Now there are four models of governance in the region: civil-military administrations, city councils that were elected in 2015, city councils that were elected in 2010 and still function, as in Bakhmut and Kostiantynivka, and unified communities. No well-knit vertical, horizontal connections work poorly. If the law on civil-military administrations was adopted, civil-military administrations should be done everywhere, not local councils.

I really hope that not all is lost yet. After the Maidan and the occupation, many people, entrepreneurs above all, wanted to go to power. Unfortunately, there are fewer and fewer such people, because disappointment is growing. And Pavlo Zhebrivskyi's methods in the formation of "new elite", in which the old staff actually entered, do not motivate at all. There is a conflict with Zhebrivskyi.

— The Donbass has actually lost its representatives in Kyiv. I cannot say unequivocally that this is bad, given the quality and goals of those representatives that it had until 2014. But still there is a feeling that something has broken, that there are no more people who would connect the region with the center and on which there would be any hopes. And there is a question whether people like Natalia Veselova can be representatives of the region, while their ideas do not coincide with the ideas of some large part of the population, if not to say with the majority? Whom will they vote for — Veselova or Oleg Nedava, who will talk about friendship with Russia and pit the region against Kyiv again?

— Why only for Veselova or Nedava? Korolevska, Zontov, Shtepa, if she is not convicted, will run in the election, — and a number of regional politicians for sure.
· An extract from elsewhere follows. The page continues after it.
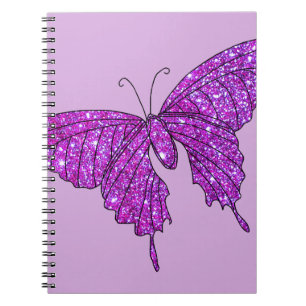 Carnet Substance Girly d'étincelle de papillon lilas rose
If we talk about the correspondence of prospective candidates for deputy to the preferences of voters, the development does go on, albeit without upsurge, but enough time had passed for someone to deliver a wake-up call. In the city, there are no more than 40 percent of pensioners, who went to the election with papers with the "code of Sloviansk", 2 and 4, — the number of candidate for mayor Vadim Liakh and the number of the Opposition Bloc in the voting paper. If mindful people come to polling stations, they will vote for other candidates.

— After Donetsk was cut off from the region, different parts of it began, so to speak, to vanish: Mariupol declared that it was not the Donbass, Pryazovia and north of the Luhansk region — that they were not the Donbass and Sloboda Ukraine — that it was the old Cossack land at all. It is even unclear, can we now talk about "the Donbass residents", clearly understanding who they are. There is no longer common elite for the region as such.

- This is really a difficult question. The region is ready for territorial division. Donbass as a region was formed artificially and rather late. Perhaps, it is time for dramatic shift. Perhaps, the separation of remnants of the Donetsk and the Luhansk regions between other regions will relieve the tension in their relations with the rest of Ukraine, will eliminate some red flag. We should understand that there will never be the Donetsk oblast, which was created in 1932, and that Donbass.